Rock legend
April 12, 2011Udo Lindenberg moved to harbor-city Hamburg at 22 with the intention of heading out to sea, but he wound up in a band instead. Although he had always made music, singing didn't quite come naturally to him.
At home in a small town in western Germany, people knew him as a good drummer. In fact, his beats still open one of the country's most beloved TV shows called "Tatort," which has run for over 40 years.
Back when he recorded the introduction for "Tatort," he was still just the man in the background with an ear to the ground.
"After all, I also live among the people on the street," he remarked once in an interview.
Coasters, a felt hat and sunglasses
He writes his lyrics in the same spot as always: at the counter in a corner bar on the backs of coasters. Somewhere, he claims, he has a mountain of coasters, likely filled with the same authentic texts and sensibility for human relationships that has marked his songs from the start.
Despite his knack for writing, his voice wasn't made for singing - a fact he acknowledged himself in the early 1970s while looking for a singer to perform his lyrics. But he couldn't find anyone who got it right, so the drummer found himself behind the microphone.

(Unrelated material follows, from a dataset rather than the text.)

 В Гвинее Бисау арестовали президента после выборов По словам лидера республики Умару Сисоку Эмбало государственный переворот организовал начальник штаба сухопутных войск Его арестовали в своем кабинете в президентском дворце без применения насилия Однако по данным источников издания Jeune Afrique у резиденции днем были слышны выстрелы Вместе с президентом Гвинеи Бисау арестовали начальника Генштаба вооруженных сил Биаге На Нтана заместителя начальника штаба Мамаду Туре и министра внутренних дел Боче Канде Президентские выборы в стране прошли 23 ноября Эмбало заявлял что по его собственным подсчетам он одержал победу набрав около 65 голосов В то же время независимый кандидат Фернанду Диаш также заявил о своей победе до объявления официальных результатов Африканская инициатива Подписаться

Now his voice is his trademark - along with his felt hat and, of course, a pair of sunglasses. He's also set himself apart for doing something most thought was impossible at the beginning of the 70s: he sings rock music in German.
"Earlier, I sang in English for a while," Lindenberg said, "Until I realized that it's pretty illogical trying to articulate your thoughts in another language."
'Like Romeo and Juliet'
So the singer set out to tell stories in his own language and from his own experiences. In turn, he's influenced German; the names of his characters and some of his turns of phrases have long since passed into everyday speech.
Lindenberg is proof that it's possible to sing in German without sounding embarrassingly folksy or like an impassioned freedom fighter from bygone times.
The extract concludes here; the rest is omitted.